> PROBLEM
From the first line to the last, reproduce the records below exactly, omitting any picture.

> ENTRIES PROVIDED
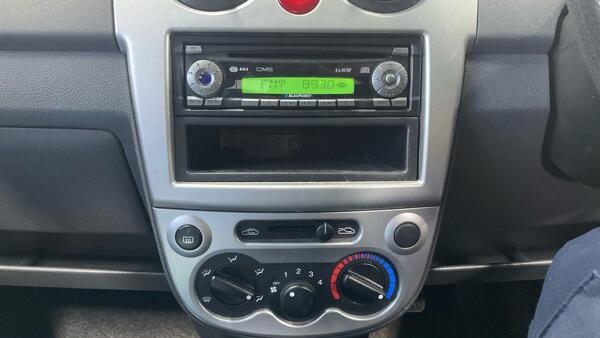 Chevrolet Matiz view 13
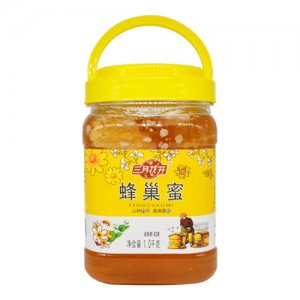 三月花開(kāi)蜂巢蜜1kg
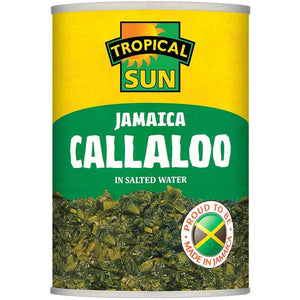 Tropical Sun Callaloo in Salted Water 280g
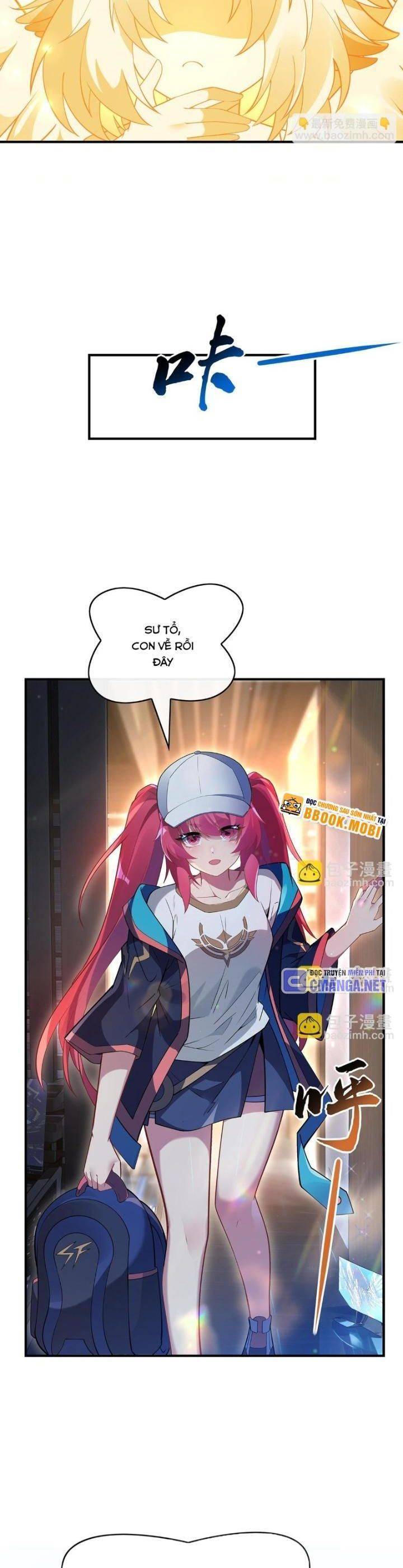 Các Nữ Đồ Đệ Của Ta Đều Là Chư Thiên Đại Lão Tương Lai Chap 255 - Next Chap 256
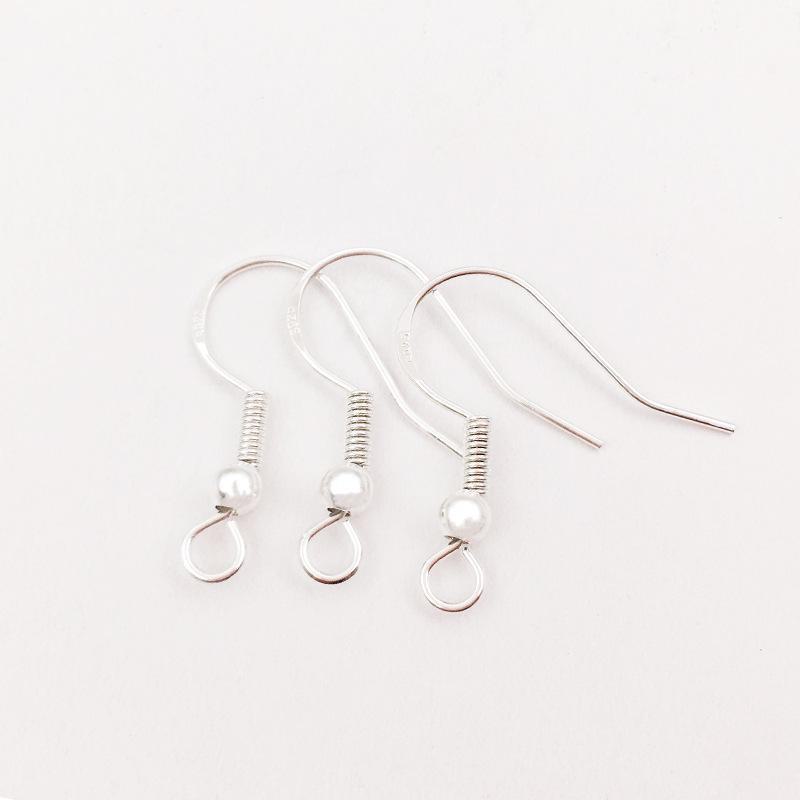 Резные серьги-крючки из серебра S925, набор для самостоятельного изготовления engraved 925 ear hooks
Резные серьги-крючки из серебра S925, набор для самостоятельного изготовления engraved 925 ear hooks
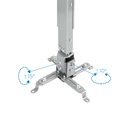 Infortisa Image 2 - Tooq PJ2012T-S Soporte Proyec Univ /Techo Incli P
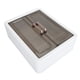 thumbnail image 5 of Gabinete De Almacenamiento De Pared Para Cosméticos, Gabinete De Baño Multifuncional Que Ahorra Espacio, Montado En La Pared, A Prueba De Polvo Para Dormitorio, 5 of 7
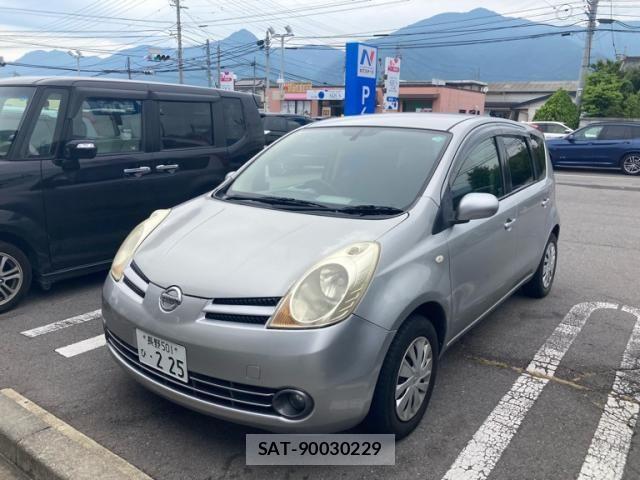 Nissan NOTE 2007-09 8037388-2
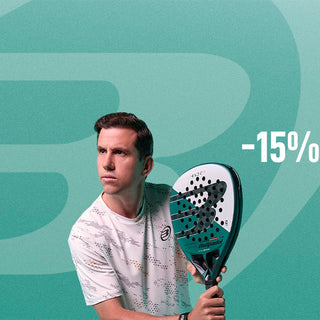 BULLPADEL WEEK - 15% EXTRA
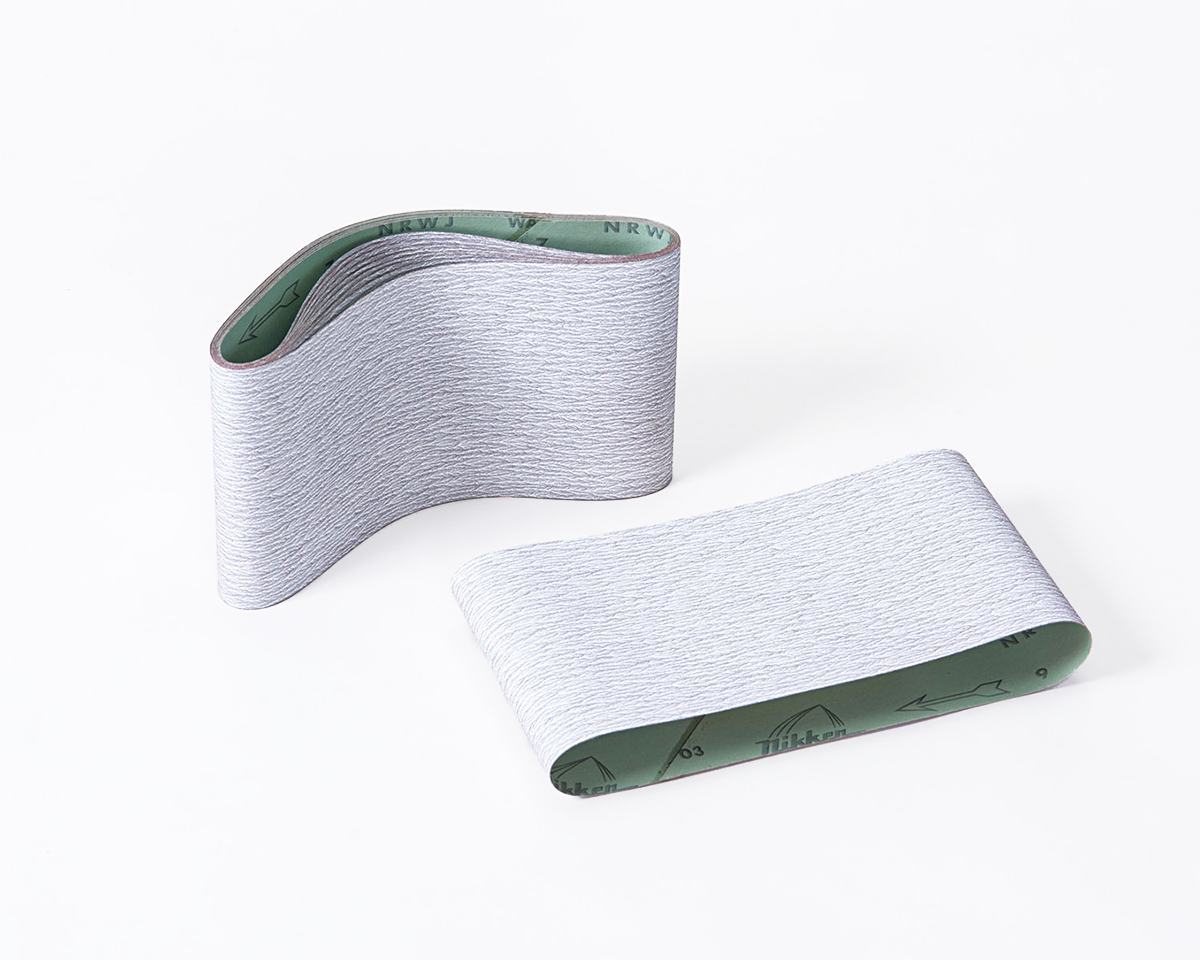 Flexible cloth roll/belt NR/PR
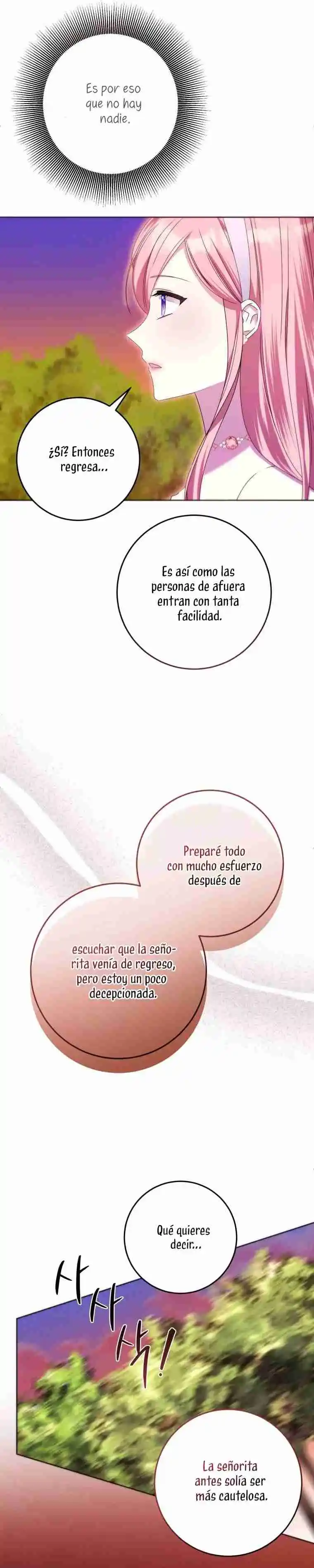 Conocí Al Protagonista Masculino En Una Celda (Nueva Versión) - Capítulo 38 - Página 9 - LectorTMOo
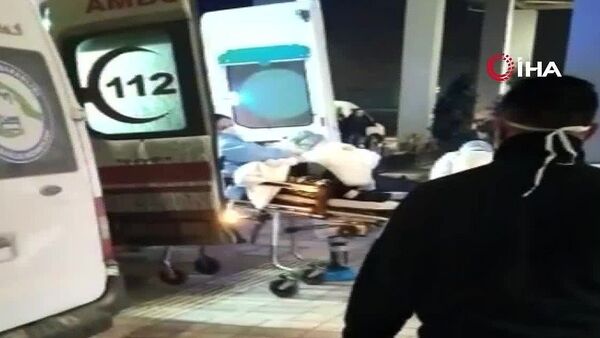 Van'da İran’dan giriş yapan 3 Türk vatandaşı, yüksek ateş görülmesi sebebiyle şüpheli olarak hastanede tedavi altına alındı - Sputnik Türkiye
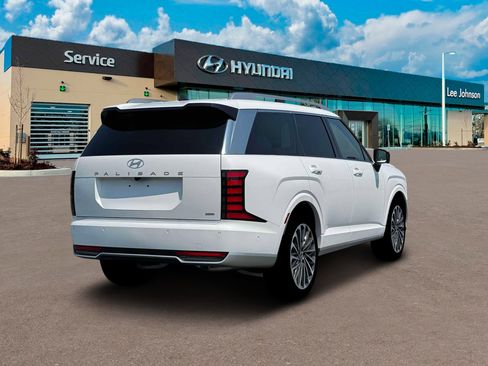 New 2026 Hyundai Palisade Calligraphy image 7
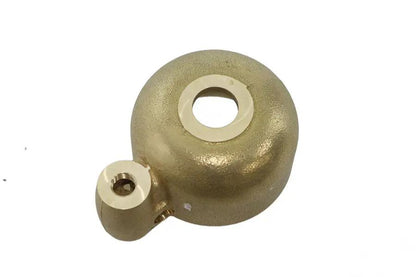 V-Twin Overhead Valve Linkert Carburetor Float Bowl Brass for Harley Davidson EL Models by V-Twin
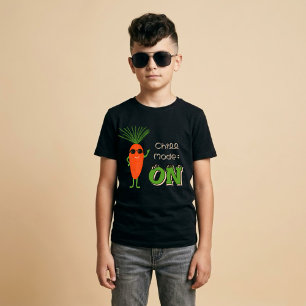 Coole Karottensammlung T-Shirt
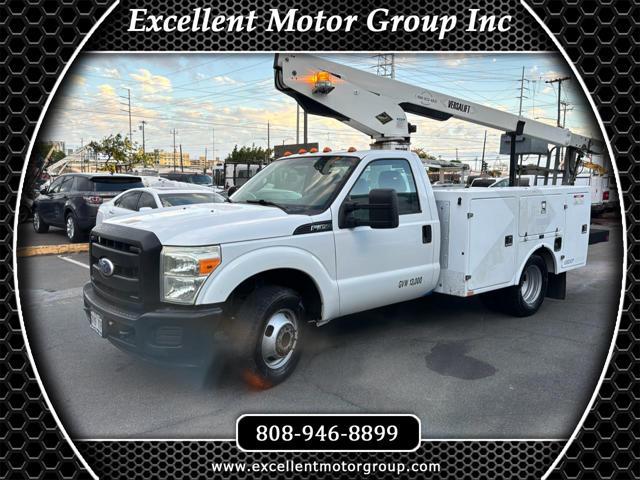 2011 ford f-350 xlt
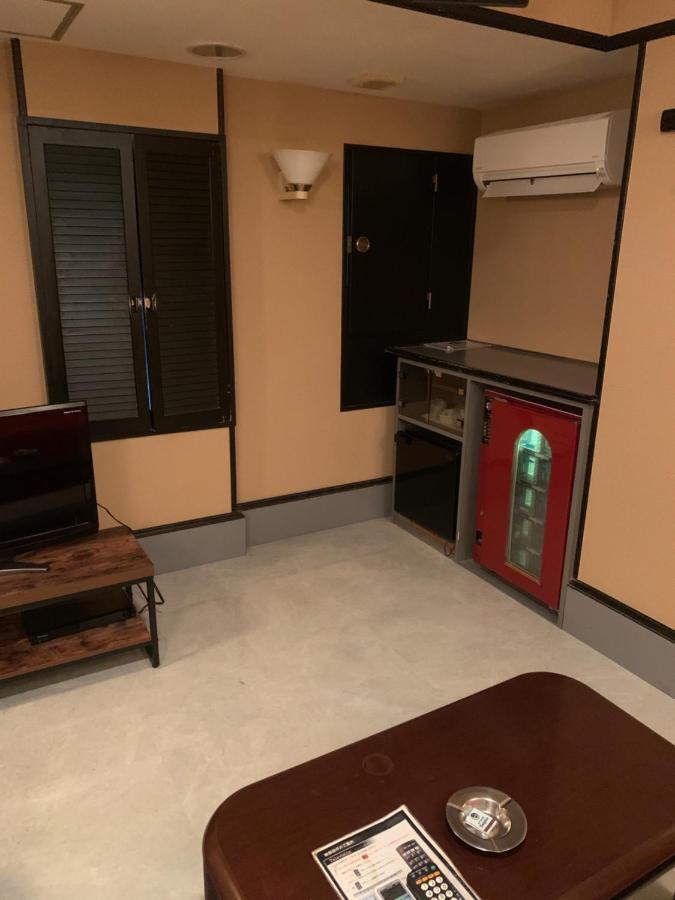City Hotel Dolphin طوكيو المظهر الخارجي الصورة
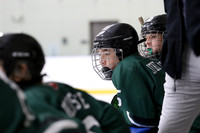 pm 01.15 PAD B [U15B] Parry Sound Shamrocks VS Listowel Cyclones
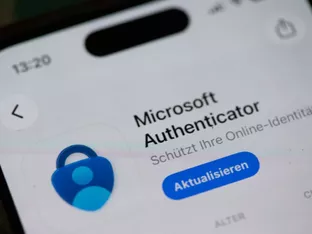 Microsoft warnt vor Sicherheitsproblem in Authenticator-App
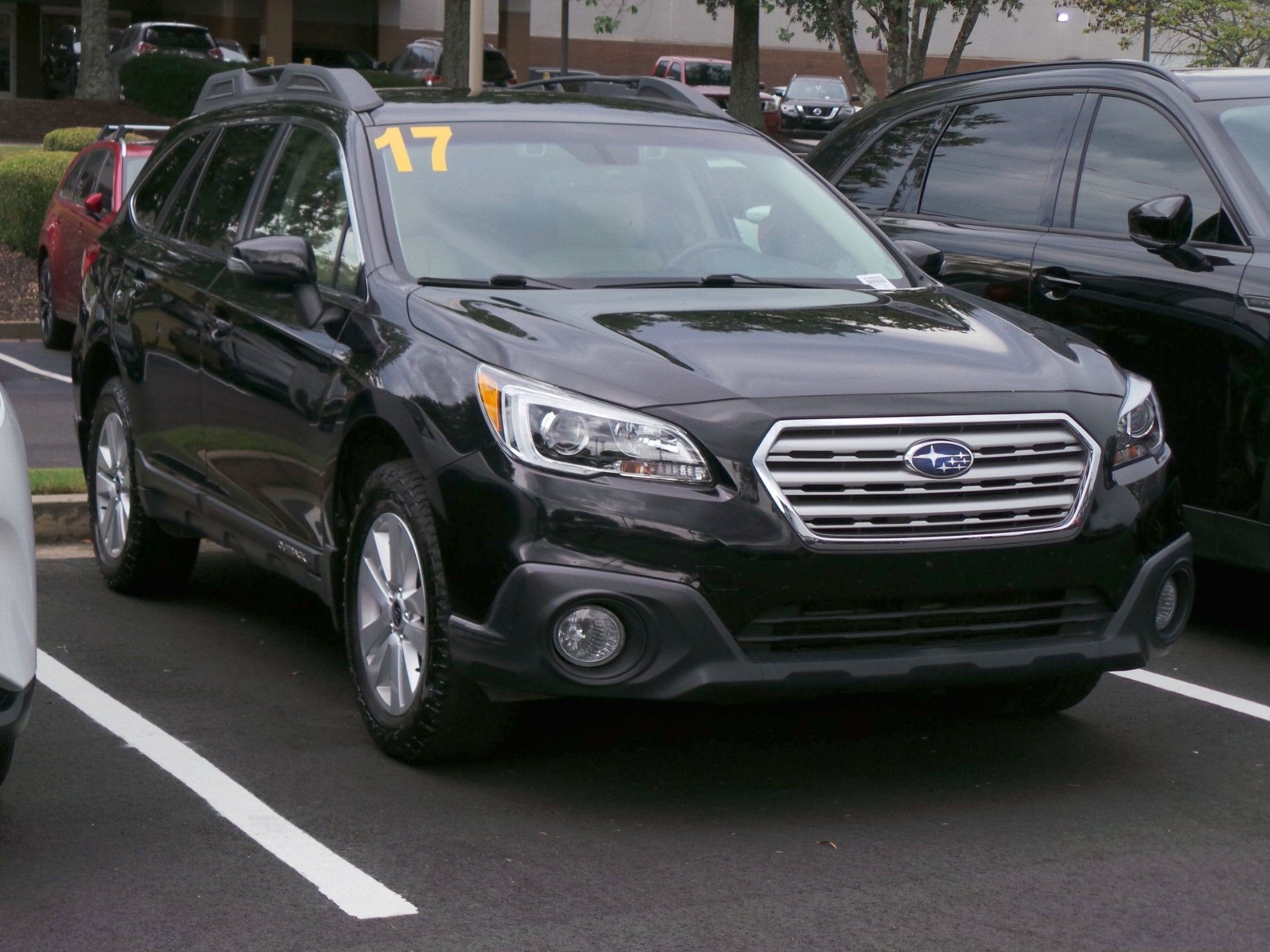 2017 Subaru Outback Premium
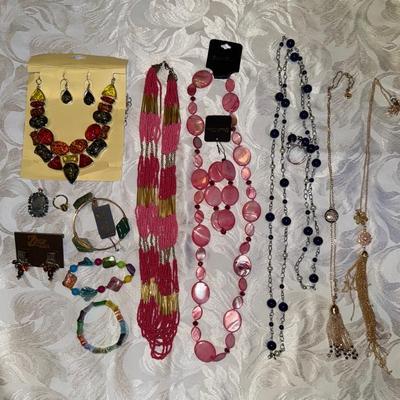 Colorful Natural Stones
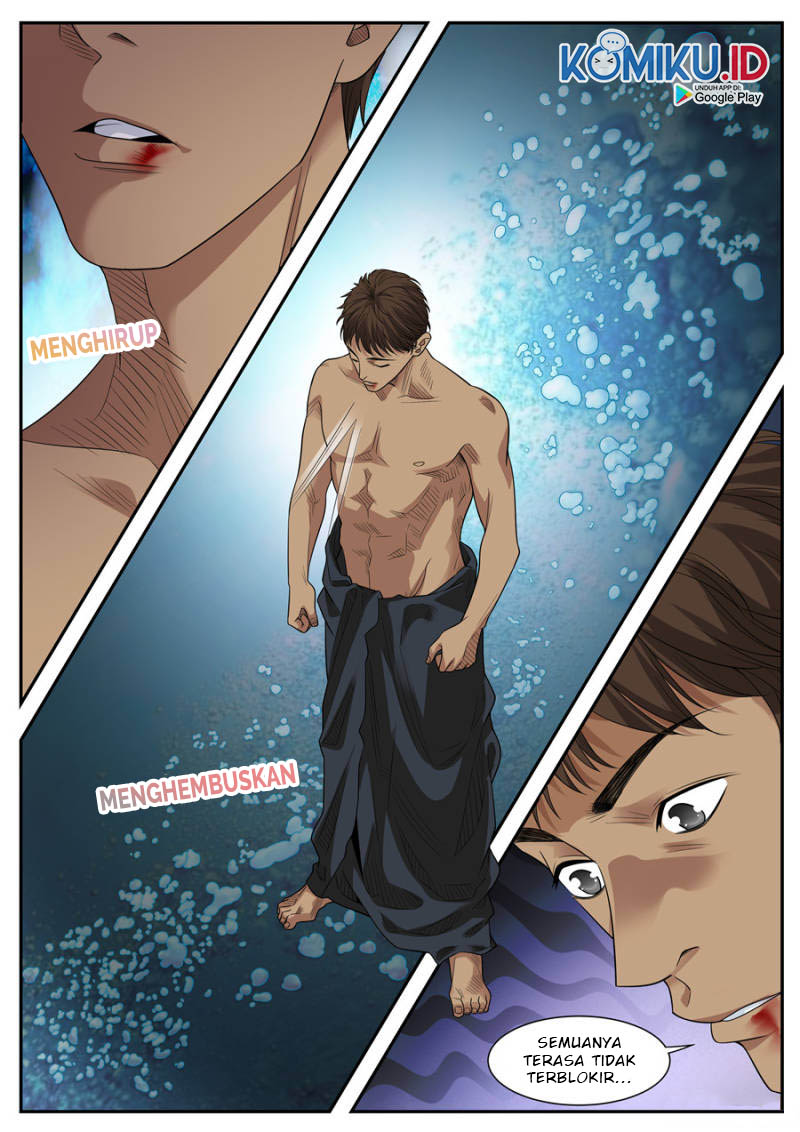 Collecting the Divine chapter 80 halaman 9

> THE ANSWER
 Chevrolet Matiz view 13
 三月花開(kāi)蜂巢蜜1kg
 Tropical Sun Callaloo in Salted Water 280g
 Các Nữ Đồ Đệ Của Ta Đều Là Chư Thiên Đại Lão Tương Lai Chap 255 - Next Chap 256
 Резные серьги-крючки из серебра S925, набор для самостоятельного изготовления engraved 925 ear hooks
Резные серьги-крючки из серебра S925, набор для самостоятельного изготовления engraved 925 ear hooks
 Infortisa Image 2 - Tooq PJ2012T-S Soporte Proyec Univ /Techo Incli P
 thumbnail image 5 of Gabinete De Almacenamiento De Pared Para Cosméticos, Gabinete De Baño Multifuncional Que Ahorra Espacio, Montado En La Pared, A Prueba De Polvo Para Dormitorio, 5 of 7
 Nissan NOTE 2007-09 8037388-2
 BULLPADEL WEEK - 15% EXTRA
 Flexible cloth roll/belt NR/PR
 Conocí Al Protagonista Masculino En Una Celda (Nueva Versión) - Capítulo 38 - Página 9 - LectorTMOo
 Van'da İran’dan giriş yapan 3 Türk vatandaşı, yüksek ateş görülmesi sebebiyle şüpheli olarak hastanede tedavi altına alındı - Sputnik Türkiye
 New 2026 Hyundai Palisade Calligraphy image 7
 V-Twin Overhead Valve Linkert Carburetor Float Bowl Brass for Harley Davidson EL Models by V-Twin
 Coole Karottensammlung T-Shirt
 2011 ford f-350 xlt
City Hotel Dolphin طوكيو المظهر الخارجي الصورة
 pm 01.15 PAD B [U15B] Parry Sound Shamrocks VS Listowel Cyclones
 Microsoft warnt vor Sicherheitsproblem in Authenticator-App
 2017 Subaru Outback Premium
 Colorful Natural Stones
 Collecting the Divine chapter 80 halaman 9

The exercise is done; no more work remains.